◆ **Excerpted data**
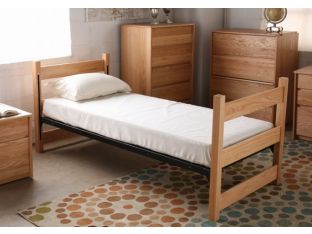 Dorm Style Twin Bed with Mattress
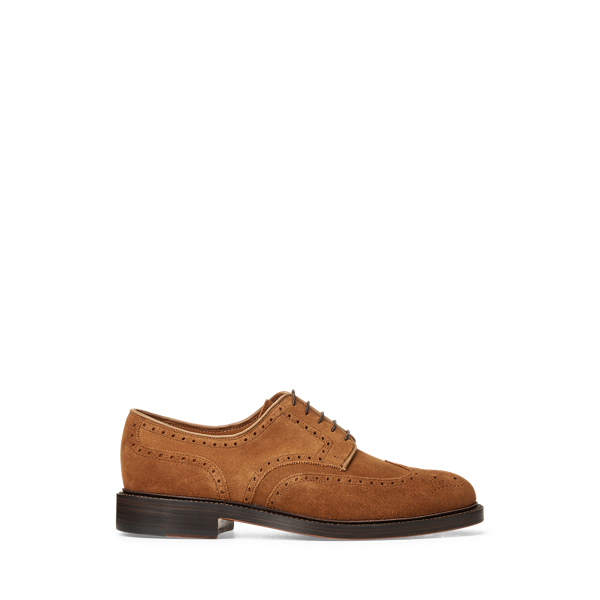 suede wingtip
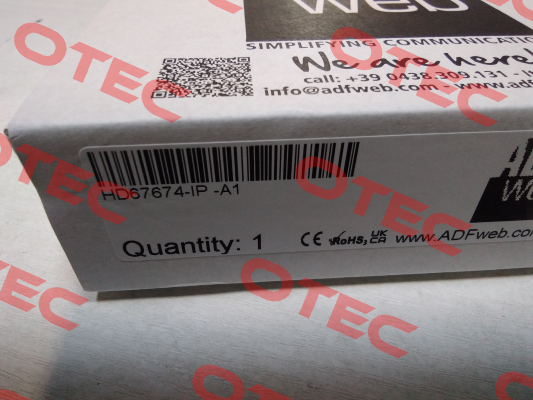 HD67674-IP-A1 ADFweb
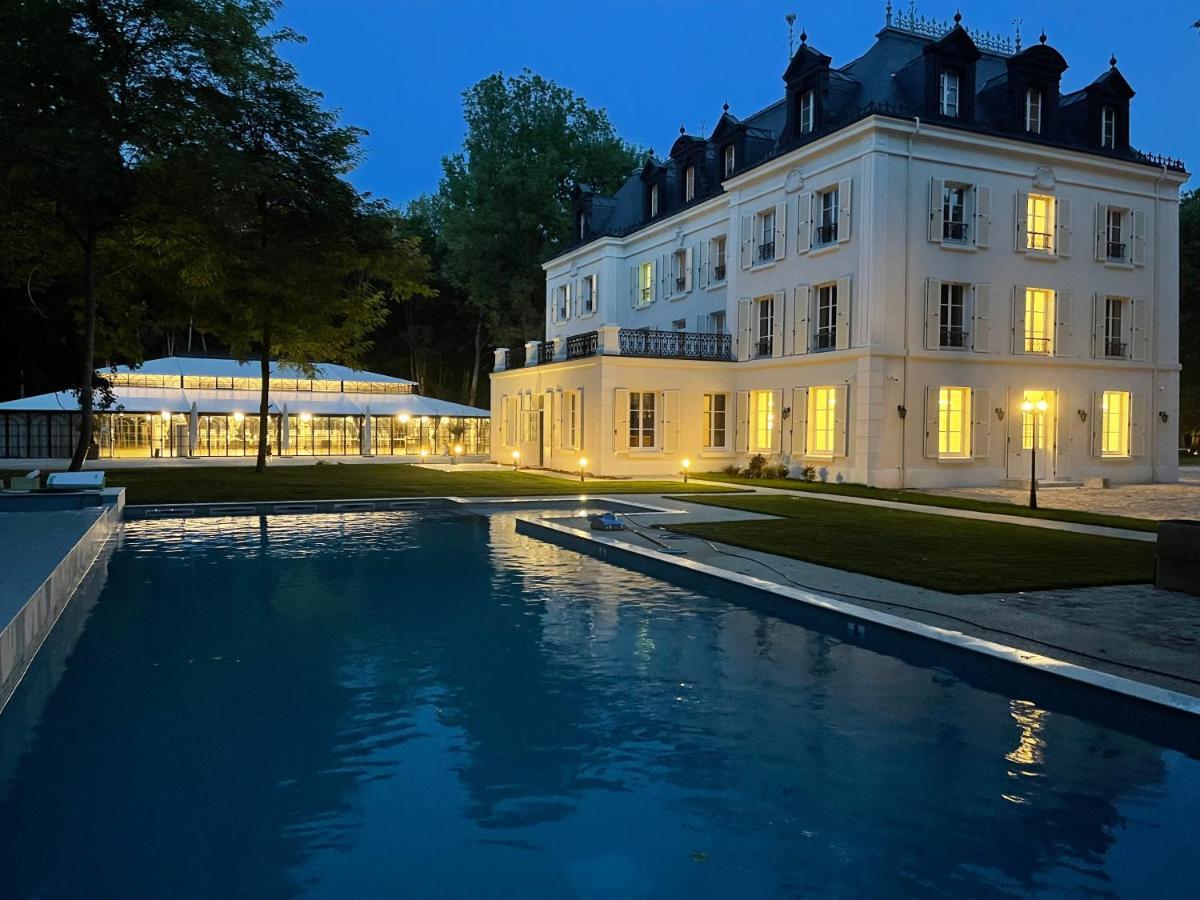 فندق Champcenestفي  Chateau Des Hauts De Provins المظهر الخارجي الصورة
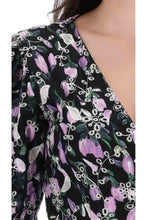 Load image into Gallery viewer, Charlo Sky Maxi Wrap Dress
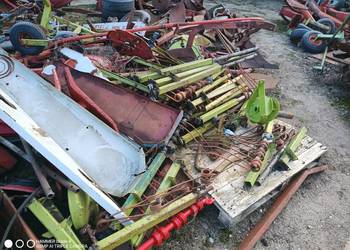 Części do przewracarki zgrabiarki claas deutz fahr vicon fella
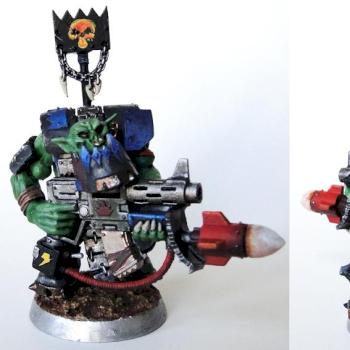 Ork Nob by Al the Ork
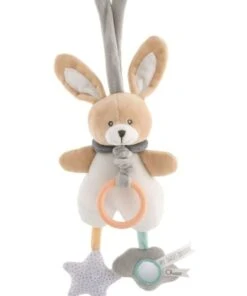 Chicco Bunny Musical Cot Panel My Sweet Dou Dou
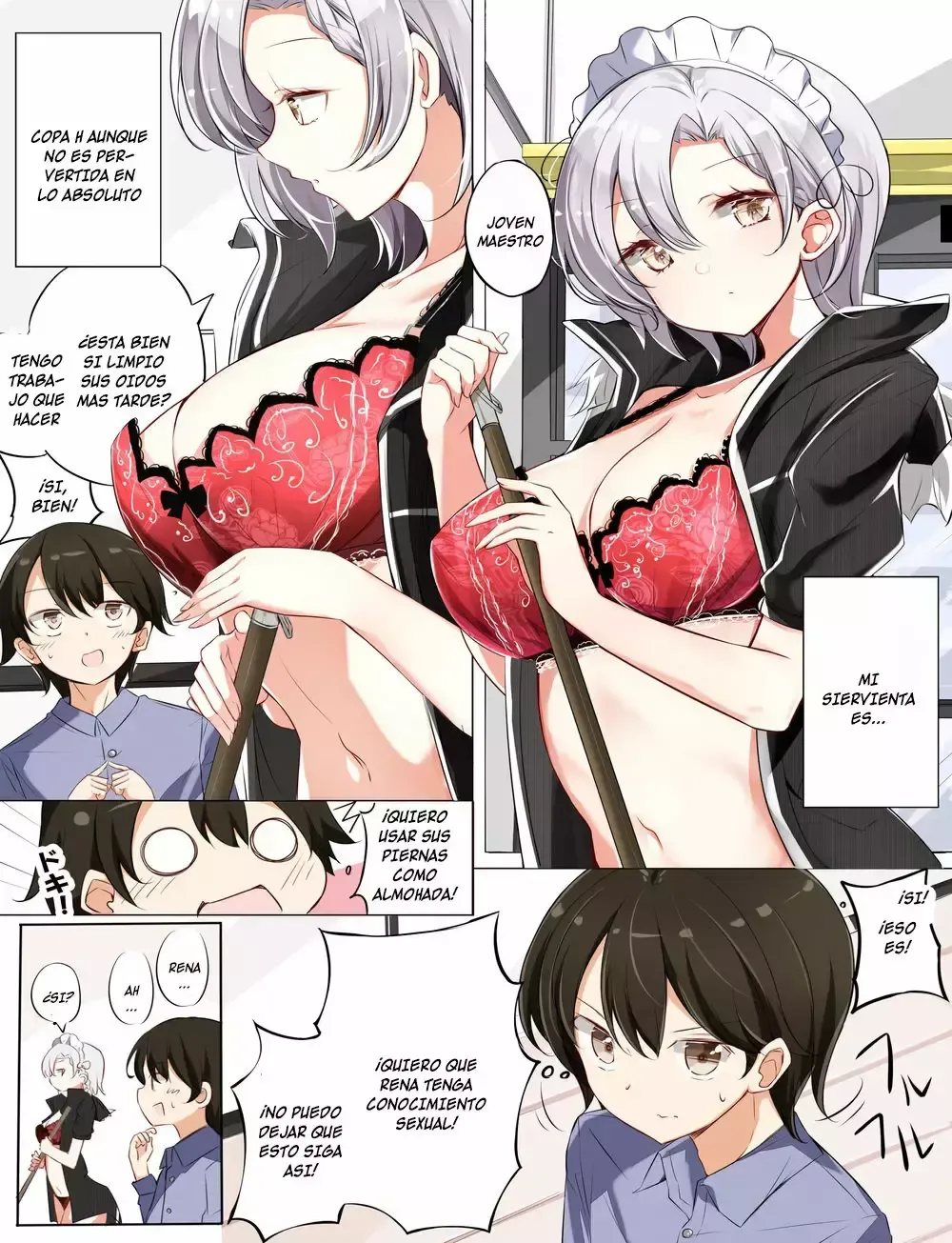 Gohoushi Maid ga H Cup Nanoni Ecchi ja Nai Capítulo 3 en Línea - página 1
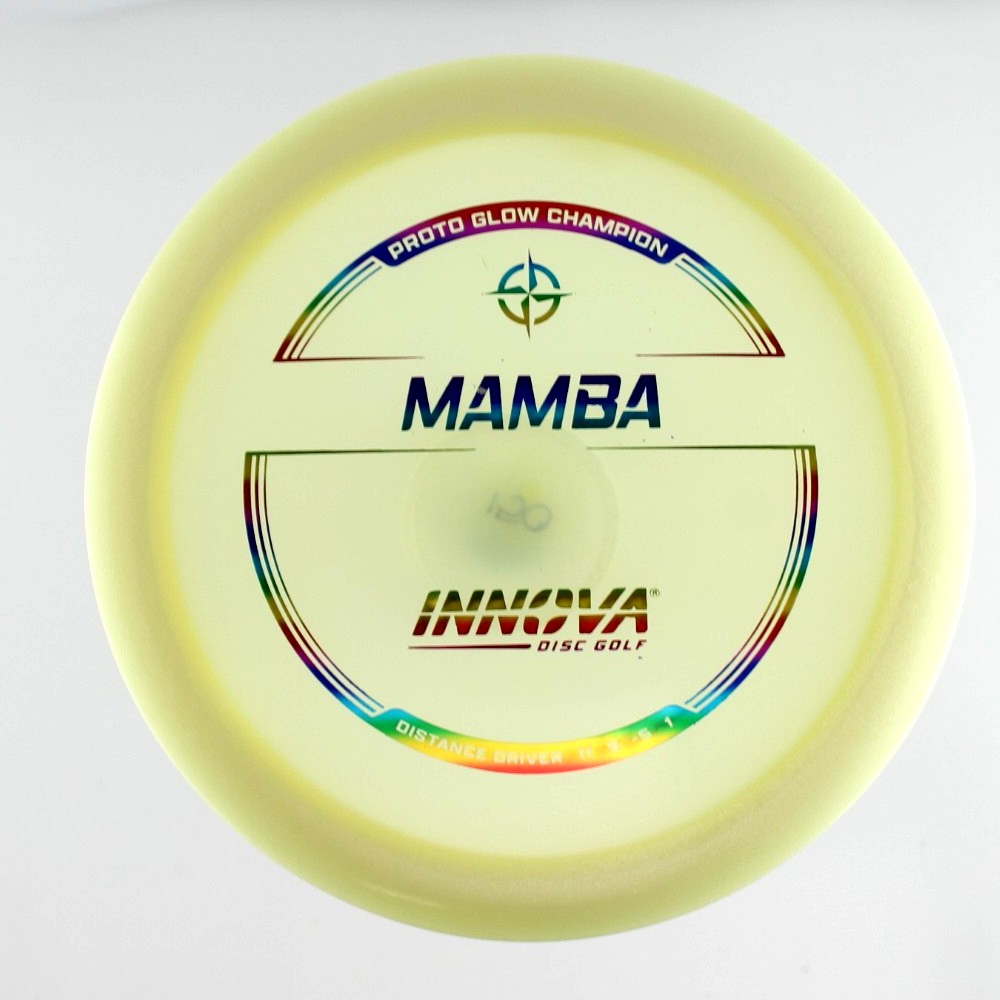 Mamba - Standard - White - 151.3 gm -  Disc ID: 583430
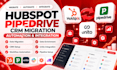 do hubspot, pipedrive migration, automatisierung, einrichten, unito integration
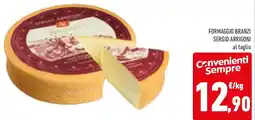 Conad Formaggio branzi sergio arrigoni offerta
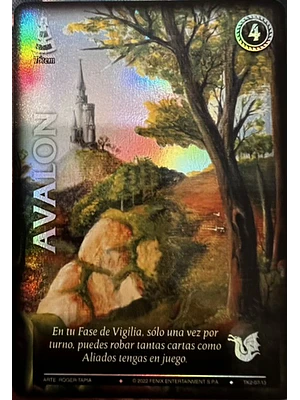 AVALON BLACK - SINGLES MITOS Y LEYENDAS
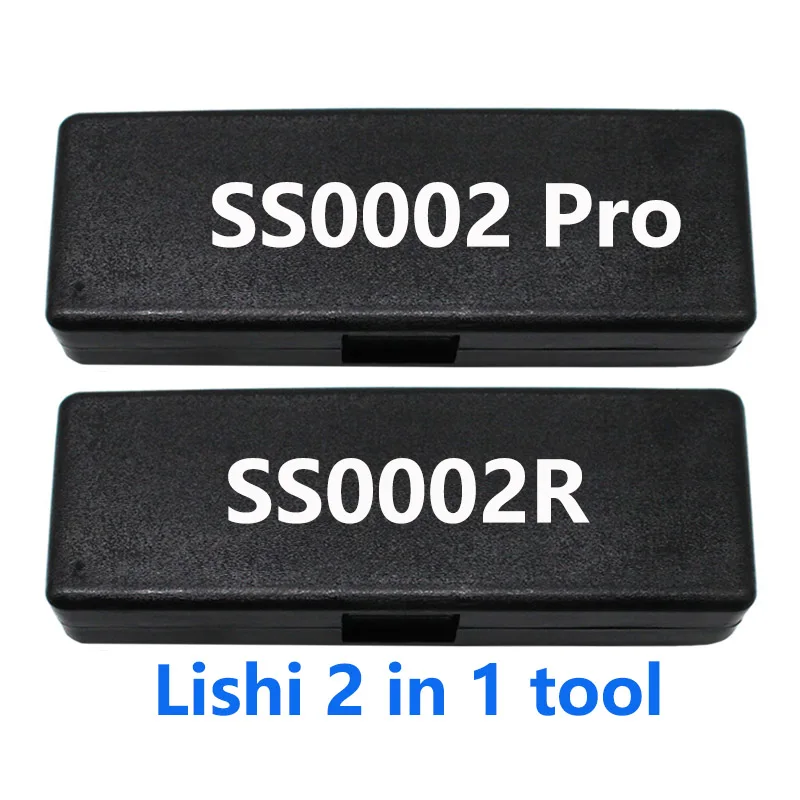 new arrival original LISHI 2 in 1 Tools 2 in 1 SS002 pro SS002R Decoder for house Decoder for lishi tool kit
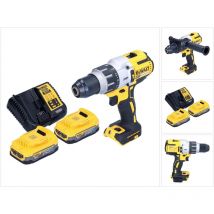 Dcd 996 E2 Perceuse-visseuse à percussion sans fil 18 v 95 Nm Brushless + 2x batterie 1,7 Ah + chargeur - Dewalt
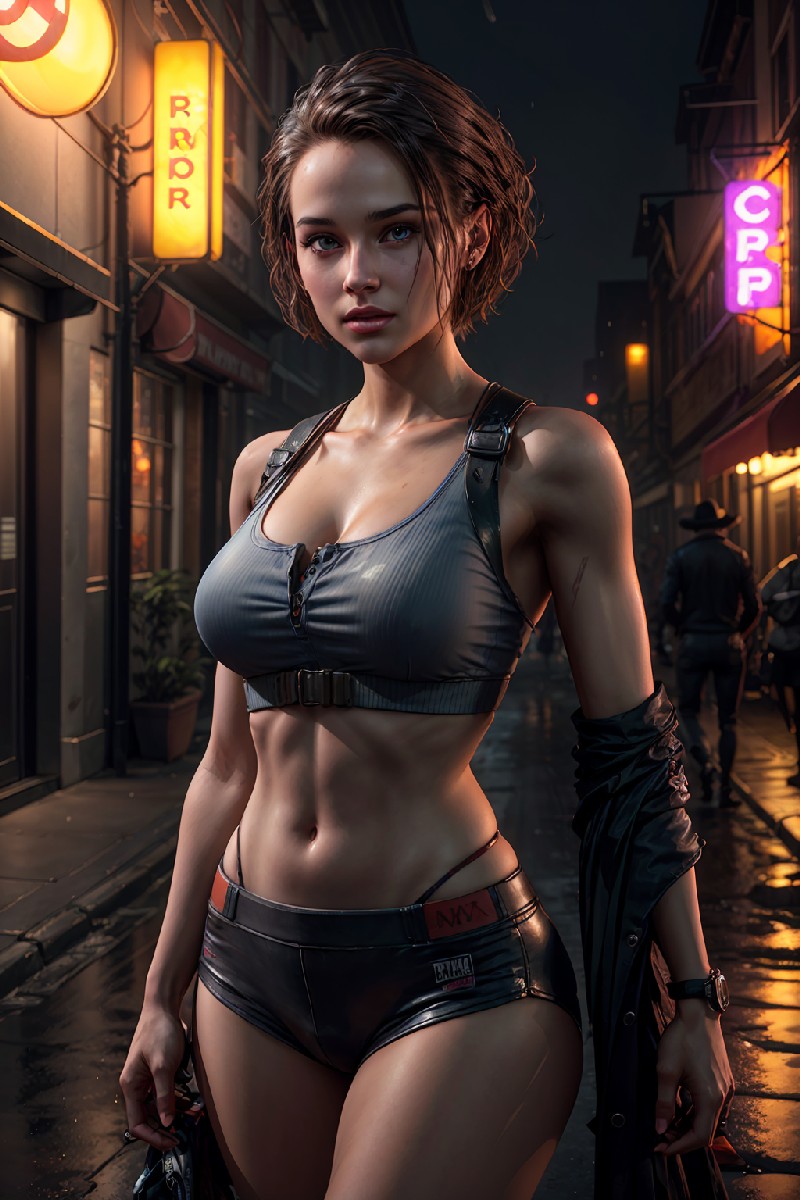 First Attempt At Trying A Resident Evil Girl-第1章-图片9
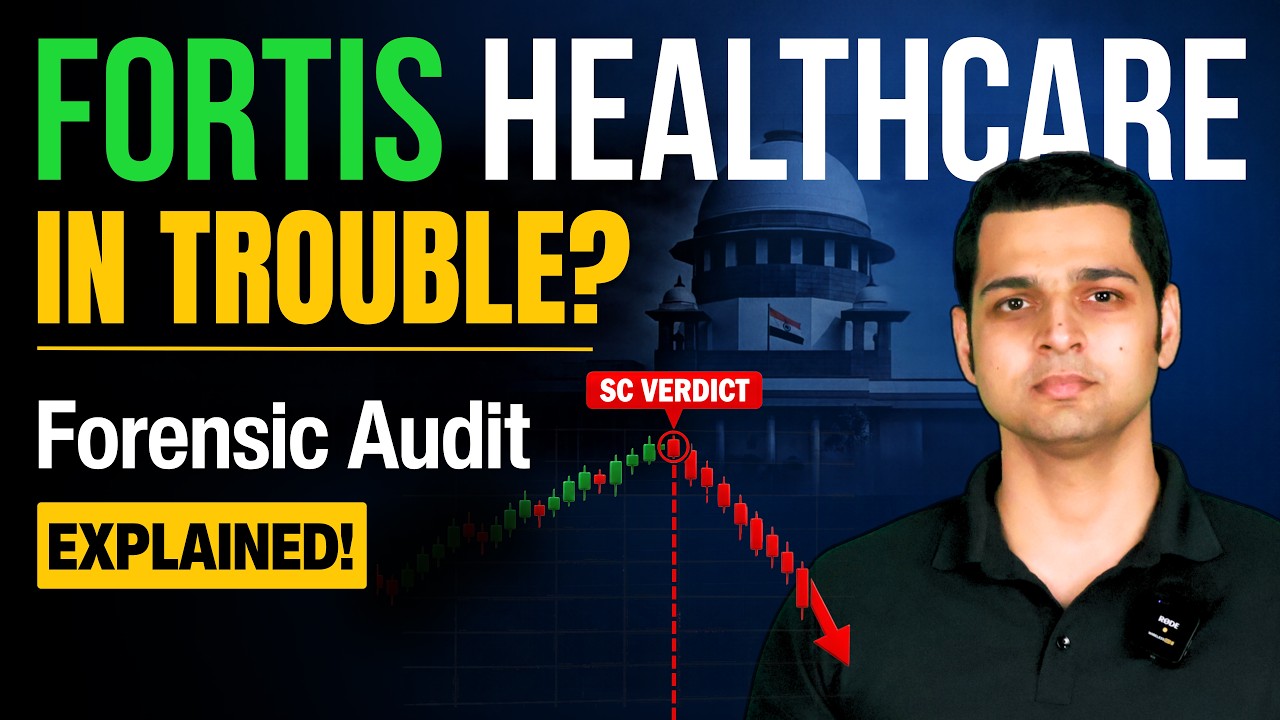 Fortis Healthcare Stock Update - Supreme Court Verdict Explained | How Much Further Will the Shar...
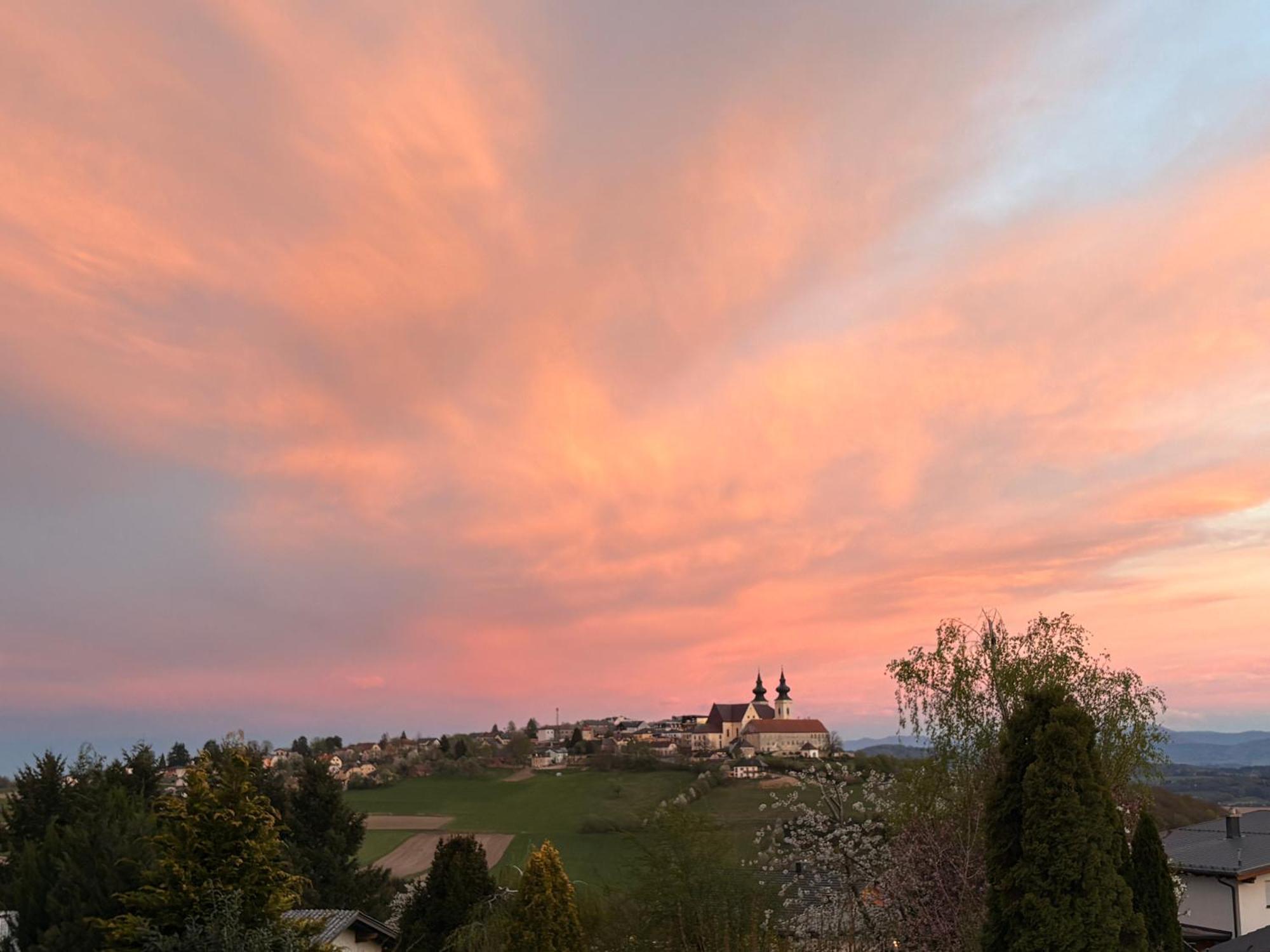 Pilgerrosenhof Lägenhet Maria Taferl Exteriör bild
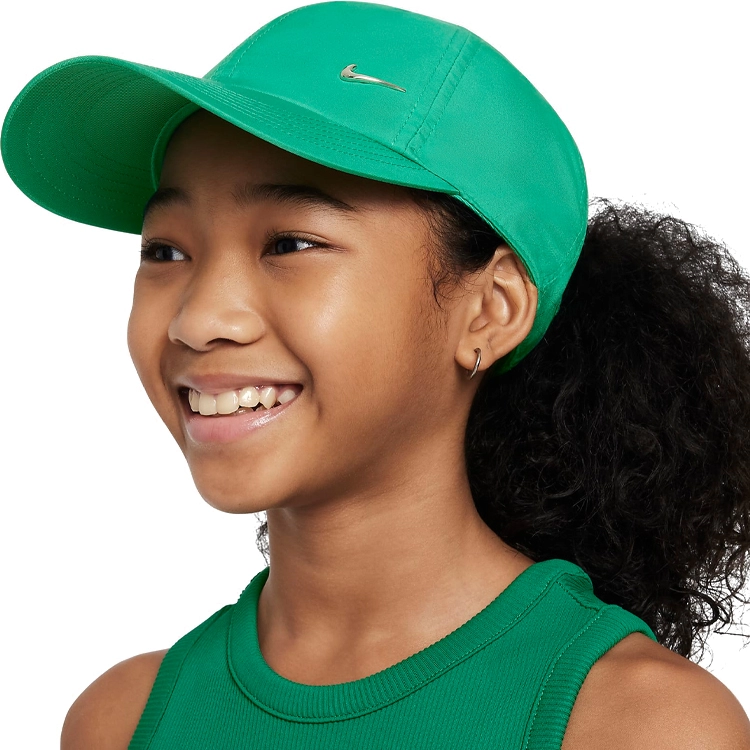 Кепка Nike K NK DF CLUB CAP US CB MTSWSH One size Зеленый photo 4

◆ **What this task involves**
Beginning with the line holding "Load image into" in the material above, restate word for word each line through the line holding "AVALON BLACK - SINGLES MITOS Y LEYENDAS", and exclude pictures.

◆ **Solution below**
 Load image into Gallery viewer, Charlo Sky Maxi Wrap Dress
 Części do przewracarki zgrabiarki claas deutz fahr vicon fella
 Ork Nob by Al the Ork
 Chicco Bunny Musical Cot Panel My Sweet Dou Dou
 Gohoushi Maid ga H Cup Nanoni Ecchi ja Nai Capítulo 3 en Línea - página 1
 Mamba - Standard - White - 151.3 gm -  Disc ID: 583430
 do hubspot, pipedrive migration, automatisierung, einrichten, unito integration
 Conad Formaggio branzi sergio arrigoni offerta
 AVALON BLACK - SINGLES MITOS Y LEYENDAS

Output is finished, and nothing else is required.